Wednesday, February 10, 2010

Kandahar crumbling

Mullah Omar agrees to surrender

Islamabad, December 6, 2001.
Cornered Taliban today appeared to be losing their last stronghold with their supremo Mullah Mohammad Omar reportedly deciding to surrender the southern Afghan city of Kandahar to local Mujahideen even as ground and air attacks were under way in Tora Bora mountain range to flush out Osama bin Laden’s fighters.

“Mullah Mohammad Omar has decided that Kandahar should be handed over to former jehadi commander Mullah Naqibullah,” Pakistan-based Afghan Islamic Press news agency quoted an unnamed Taliban spokesman as saying.

“A decision has also been taken to form a commission which would be headed by Mullah Naqibullah who will also act as Governor of Kandahar.

“Mullah Omar has taken the decision in consultation with tribal leaders and his associates and the ulema. The decision will be implemented in one or two days,” the spokesman said.

A spokesman of US-led coalition in Afghanistan said Mullah Omar may be trying to surrender to the country’s new interim leader Hamid Karzai whose forces are massed near Kandahar.

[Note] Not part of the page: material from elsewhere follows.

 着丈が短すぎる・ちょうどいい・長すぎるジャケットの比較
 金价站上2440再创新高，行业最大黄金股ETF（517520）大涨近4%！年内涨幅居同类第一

“I can tell you authoritatively that some of Mullah Omar’s most senior commanders are negotiating their own surrender,” Kenton Keith told reporters here.

“You should also take seriously reports that Mullah Omar himself is negotiating to save his own skin,” Keith said. Until now the militia supremo had ordered his troops to fight to death against opposition forces backed by the USA.

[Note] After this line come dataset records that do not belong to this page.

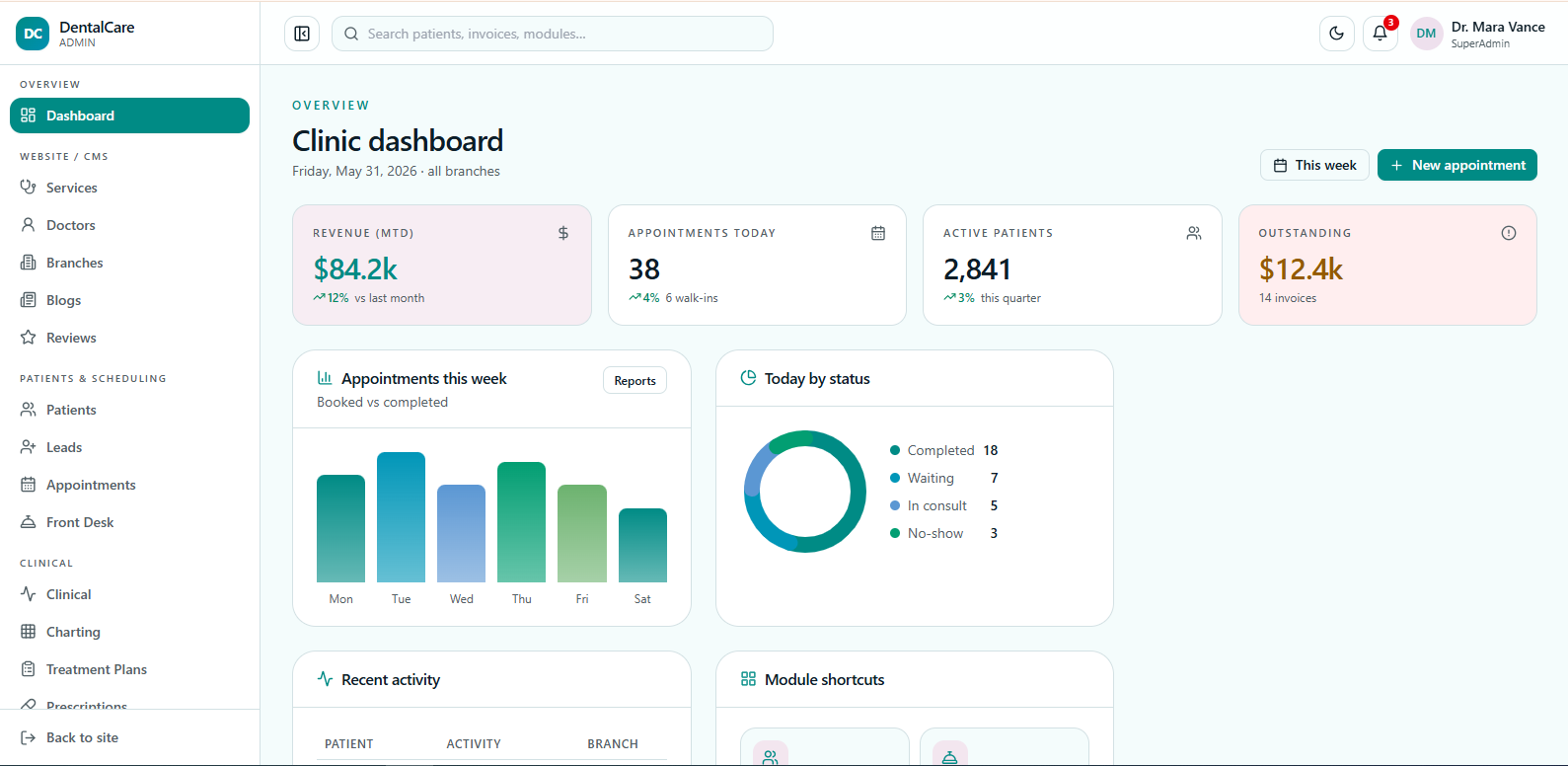 DentalCare admin clinic dashboard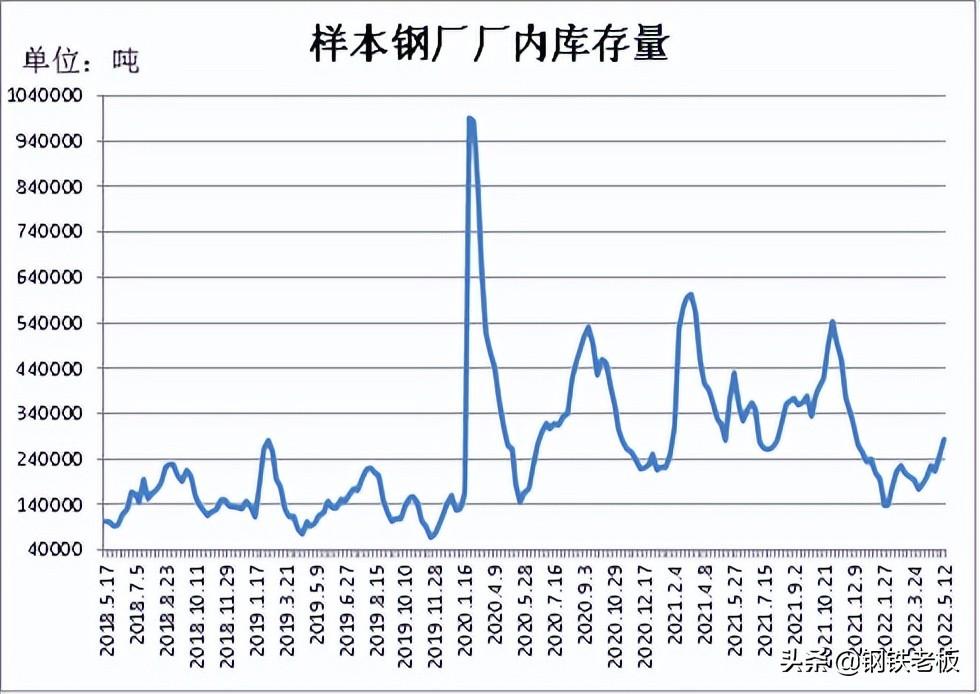 成都钢材公司_成都钢材市场_成都日唱磨具特殊钢材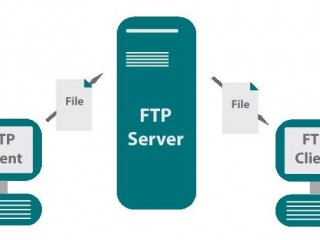 ftp服务器提供的服务是?（ftp服务器提供的共享资源)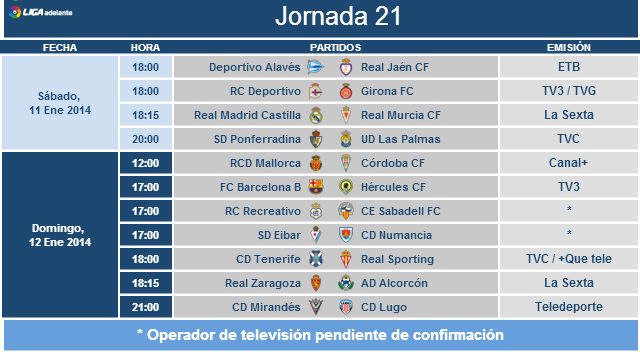 Ya se conocen los horarios frente al Sabadell y el Murcia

There was no independent confirmation of the AIP report, which said that the handover would be completed in a few days.

The agency, which is close to Taliban, did not say clearly whether if Omar surrendered would he be allowed safe passage from the city.

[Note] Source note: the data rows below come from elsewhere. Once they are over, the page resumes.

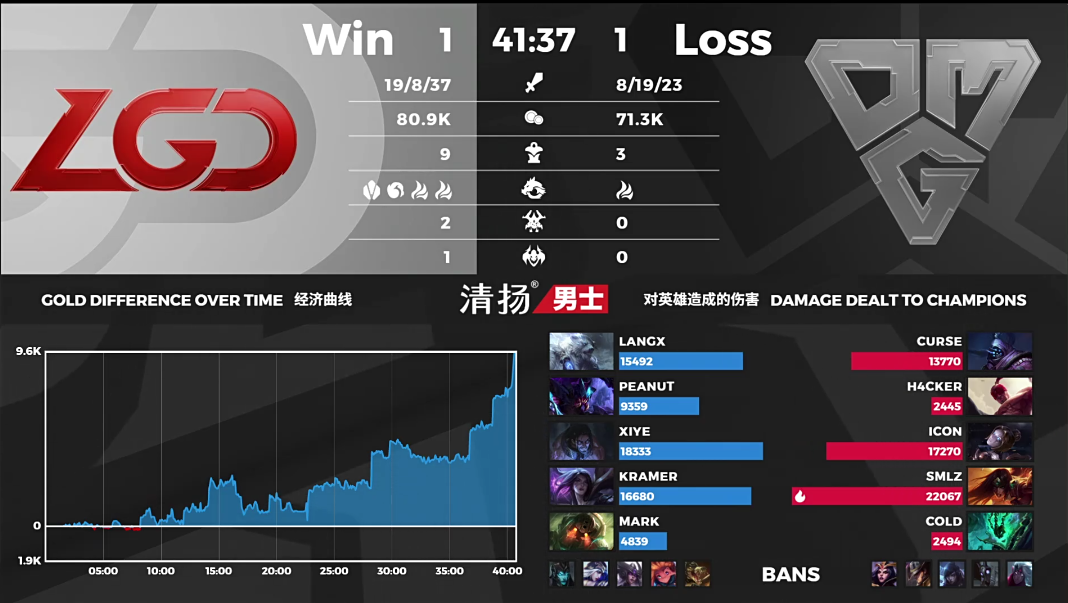 爱上大叔大叔.png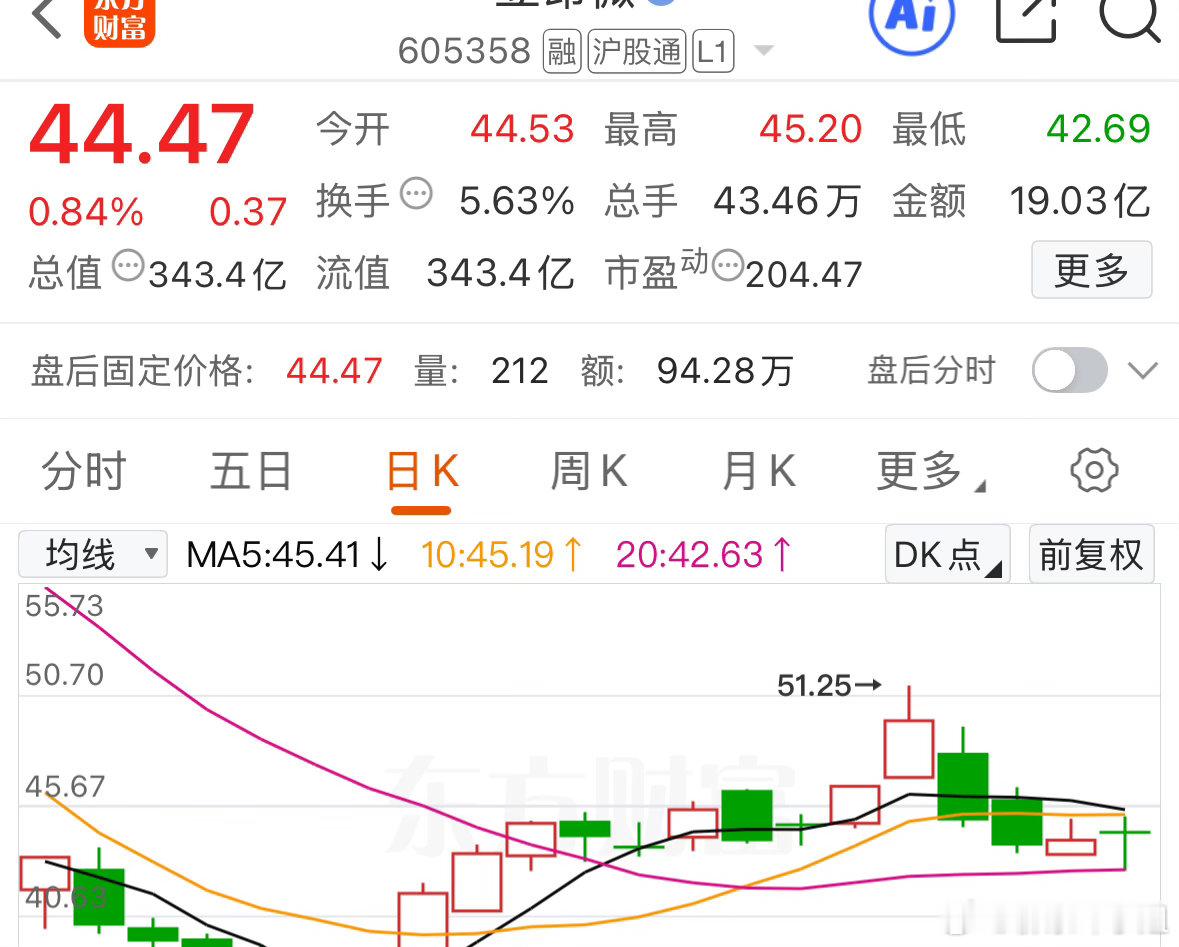 AI算力爆发带动TIM热界面材料景气上行。英伟达Rubin功耗高达2300W，G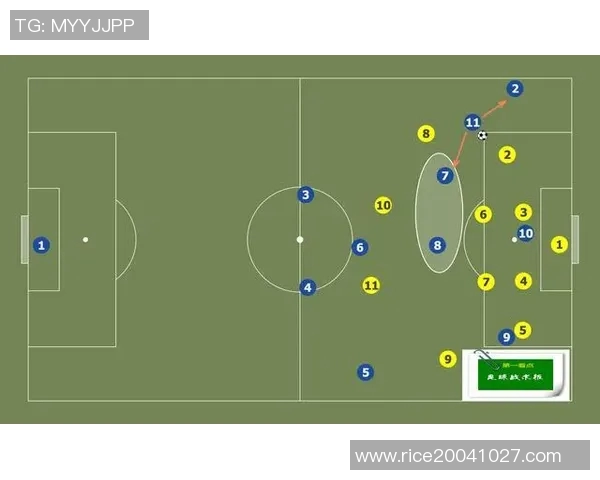 南京足球队进攻战术解析:从战术布局到球员配合的深度剖析 南京足球队进攻战术解析:从战术布局到球员配合的深度剖析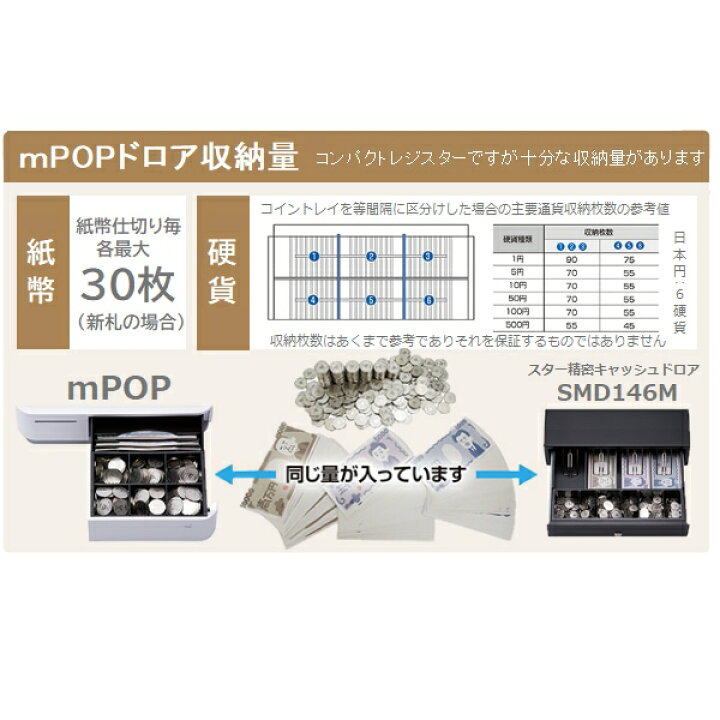 楽天市場】＜POSレジ＞【スター精密正規代理店】【レジロール6巻付き 
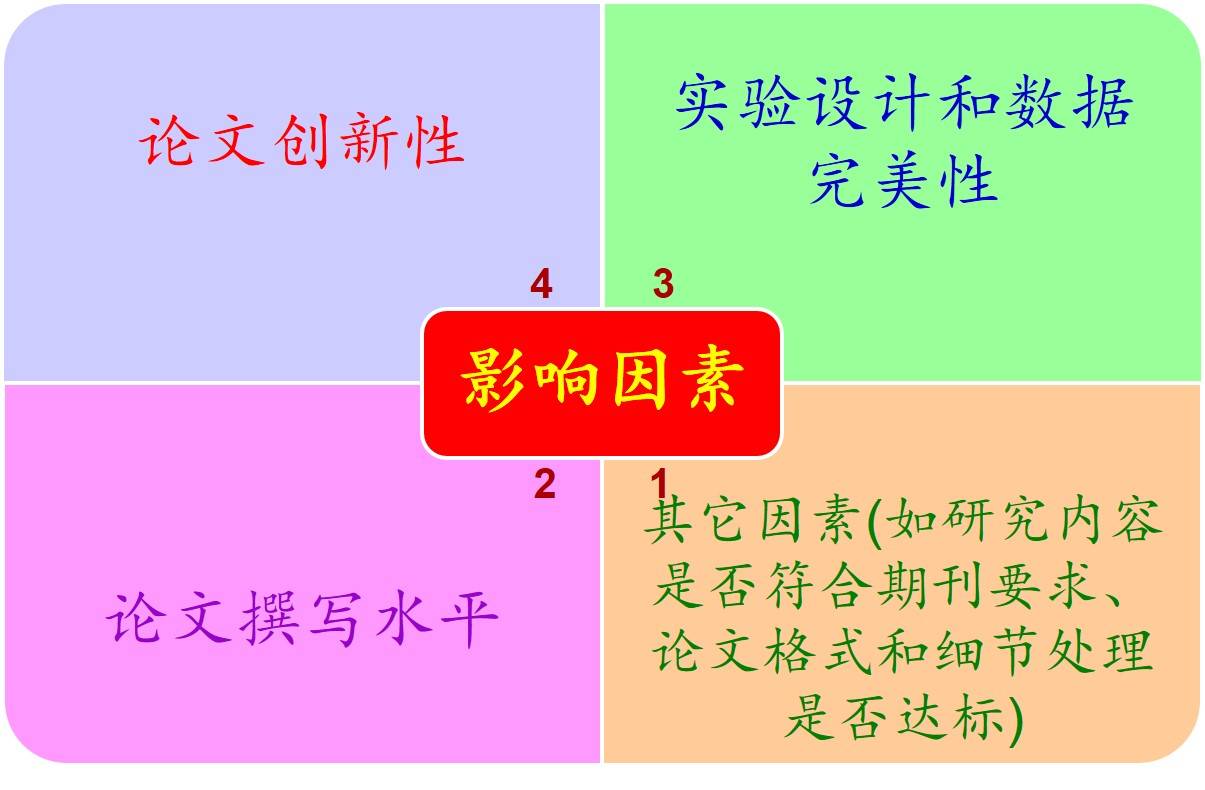 英文論文投稿簡易指南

The report was also silent on the fate of those Taliban and Al-Qaida fighters who surrender.

The report of Mullah Omar’s decision to surrender came close on the heels of Karzai saying he had held “very productive” talks with a Taliban delegation.

Karzai said he had offered amnesty to Taliban fighters except Mullah Omar. Karzai, who took charge on December 22 for six months, said: “Foreign terrorists must be tried and expelled”.

In Washington, US Defence Secretary Donald Rumsfeld said most leaders of Taliban and Al-Qaida militant group were alive and at large in Afghanistan despite the military campaign against them.

Ground and air strikes continued against fighters loyal to Bin Laden’s Al-Qaida network in the Tora Bora area of eastern Afghanistan.